GA launched “Celebrating Courage,” its 50-day commemoration of the 50th anniversary of desegregation, in January with a visit to the campus by Charlayne Hunter-Gault and Mary Frances Early (MEd ’62). Though a record snowstorm blanketed the area, closing the university for three days and forcing some events to be canceled, an opening reception for Hunter-Gault and the family of Hamilton Holmes, the first black students admitted to UGA, and Early, the first black student to earn a UGA degree, went on. Hunter-Gault also delivered a keynote speech in the Chapel as planned.
Over the next two months, UGA would sponsor an array of events connected to desegregation. Among them: panel discussions and guest lecturers. “Through their eyes,” an art exhibit at the Tate Student Center, highlighted the diverse experiences of UGA students.
In his remarks at the Jan. 9 kickoff reception, UGA President Michael F. Adams praised Hunter-Gault, Holmes and Early for their courage.

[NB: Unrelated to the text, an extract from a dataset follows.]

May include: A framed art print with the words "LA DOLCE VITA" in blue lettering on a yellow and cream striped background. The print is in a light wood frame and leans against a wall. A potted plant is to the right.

“This university and the people of this state whom we serve are far, far better today, because two young people completed the singular act of registering for class 50 years ago and another young person came back home to support them,” Adams said. “Since then, we have steadily built a university community opening and welcoming to all. This is a community where difference and diversity matter. ”
A safe haven
by Archibald Killian
The courts handed down the order that Hamilton Holmes and Charlayne Hunter could go to school, but the university really didn’t make any arrangements for them to go. It was up to the two of them from that point on. When push came to shove, everybody who had agreed to provide Hamp a place to stay backed out. Somebody called my mother, who was active in the church. And Mama called me and said, “Hamp has been accepted, but there’s no place for him to stay.” Then she said that because I was the oldest man at home, the decision would be up to me. But we had to make a decision right then and right there. After I thought about the situation and how it was and how it ought to be, we agreed to keep him.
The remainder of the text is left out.